Aerobic exercise works your heart and lungs and uses large muscle groups, such as those in your legs. It does this repetitively for a period of time. It makes you breathe harder and raises your heart rate, so your heart works harder to pump blood through the body. It is particularly good for your heart and cardiovascular system. These are some common aerobic exercises:
- Daily activities. Taking the stairs, doing housework, gardening, walking a dog and playing games with children are all considered moderate-intensity activities by the World Health Organisation.
- Walking briskly. This is one of the simplest and most effective aerobic exercises. It is also a weight-bearing exercise, because your feet and legs support your body’s weight. This means it’s good for strengthening your bones (the spine, pelvis and leg bones). All you need are comfortable walking shoes.
- Gardening. This is a way of enjoying some physical activity outdoors. It can also be therapeutic to watch your garden grow. If you don’t have access to a garden, there are schemes across the UK where you can garden, grow fruit and vegetables or take part in nature conservation, for example green gyms. Visit your local authority’s website to see what schemes might be available near you.
- Running and jogging. These can be considered as vigorous activity. They are great for your heart and lungs, and they are weight-bearing exercises. These activities are high impact and may put stress on your spine and joints. So if you have bone or joint problems, you should choose something gentler, such as jogging on a trampoline.
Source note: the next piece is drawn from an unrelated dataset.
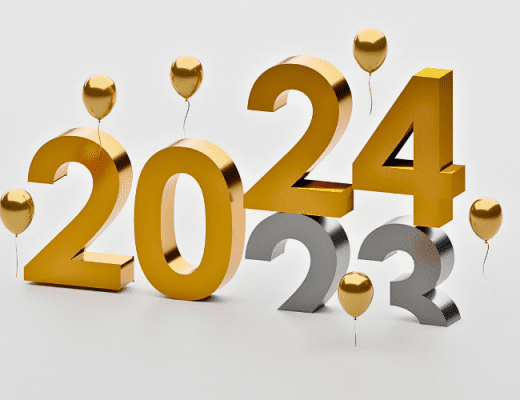 Yazı: 2024'e Girerken | Yazan: Yaşam Koçu Nalan Erpolat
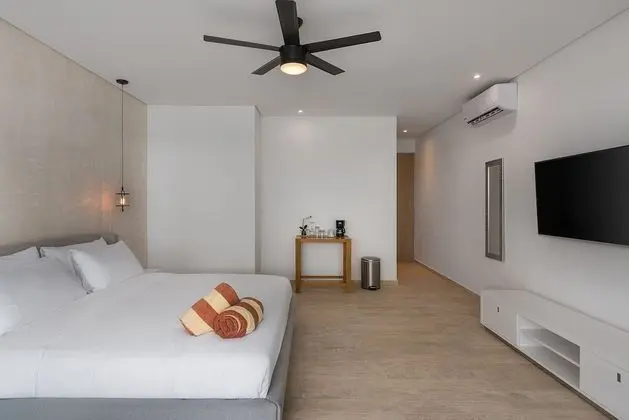 Apart Daire, 3 Yatak Odası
- Cycling and swimming. These are good for your heart and lungs. They strengthen your muscles but put very little strain on your joints, because they are weight-supported exercises. They can be good activities if you have bone or joint pain. Swimming is particularly beneficial if you have lymphoedema. Swimming is not recommended if you have irritated skin due to radiotherapy, or if you’re having chemotherapy – especially if you have a PICC line or central line.
- Group exercise. There are other aerobic exercise options that you could do with a friend or a group. These include aerobics classes, dancing, golf, tennis, badminton and bowling.
If you haven’t been active for a long time, increase your activity slowly. Try to do a little more in time and distance each week. When you’re comfortable doing an activity for longer, you can think about increasing the intensity, for example walking the same distance but in a shorter time.
This is how it feels to be active at different intensities:
- Light intensity – You are breathing and talking easily and it doesn’t feel like there is a lot of effort involved.
- Moderate intensity – Your breathing is quicker and deeper, but you are able to talk. Your body warms up, your face has a healthy glow and your heart is beating faster than normal but not racing.
- Vigorous or high intensity – You are breathing very hard, so you can’t carry on a conversation. Your heartbeat feels fast.